Lakhoni
Page 26
This would make things difficult when it came time to get Alronna out. Lakhoni pushed the thought away. First he had to find her.
He closed the door, finding himself in a small entryway with doorways to his right and left. On the other side of each doorway was a long, dark room with prostrate forms on the ground. The sound of restless sleep filled the air.
She had to be in here. Lakhoni’s heart hammered, his mouth dry. Everything he’d learned told him Alronna was in here. But where? And how could he find her? Despite the dark, he could see that the slaves slept on what looked like thin blankets, with even thinner blankets covering them. How cold it must have been in this room during the depths of winter! Fury at what his sister must have been going through for these months infused him.
No, he had to stay calm if he was going to find her.
He began to pick his way among the sleeping figures. He didn’t see chains or anything securing the slaves in place. The temple’s security must have been enough.
There. The curve of a face and an ear caught his attention. He approached, suddenly realizing that all the slaves were female. From what he could see, they were all young women. He easily understood why the slaves would all be young women, and, for the most part, attractive. A red flame of fury built in his chest. If Zyron had hurt Alronna . . .
This one had fuzz covering her scalp. He looked closer. No, not his sister.
This might take all night.
He finished checking the room, disappointed. If she wasn’t in the room to the left of the door, he would be back at the beginning. He would have to get into the temple and see if she was there.
Lakhoni stopped, ears detecting movement.
It was nothing. Simply someone shifting in her sleep.
He made his way to the room on the left and decided to start at the far end of the room. He crept across the floor, staying against the wall where nobody slept. Less light entered this room. What light there was filtered through large holes and gaps in the ceiling. The ceiling on the other side must have been in better repair.
He scanned what he could see of the women’s faces. His throat tightened, mouth dry and heart suddenly ceasing to beat.
Alronna.
She was five feet away, her mouth slightly open as she slept. She had kept her hair; it was longer now.

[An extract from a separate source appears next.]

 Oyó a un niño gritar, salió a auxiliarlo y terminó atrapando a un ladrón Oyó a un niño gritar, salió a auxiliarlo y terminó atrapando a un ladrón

Her face reminded him so completely of his mother’s that Lakhoni had to grip the stone of the walls to not collapse under the weight of grief.
He slipped closer to her and lowered to a crouch. He held his breath, one hand going to Alronna’s mouth and one to her shoulder.
She started awake with a gasp and sudden jerk of her body. Her eyes darted wildly, fear obvious even in the dark.
“Ronna,” Lakhoni said, heart in his throat.
She went completely still. In the filtered light of the stars, her eyes met his. He took his hand from her mouth.
“Ronna, it’s me.” Lakhoni wanted to grab her and flee the city now, leaving justice to First Fathers. They could get away. He had to take her away from this place.
Her whisper was harsh. “Khoni?” She wriggled carefully, turning over and facing Lakhoni from her knees. “Lakhoni?”
“It’s me. I’m here to—”
She caught him in a tight embrace, squeezing him, gasping strained, quiet sobs.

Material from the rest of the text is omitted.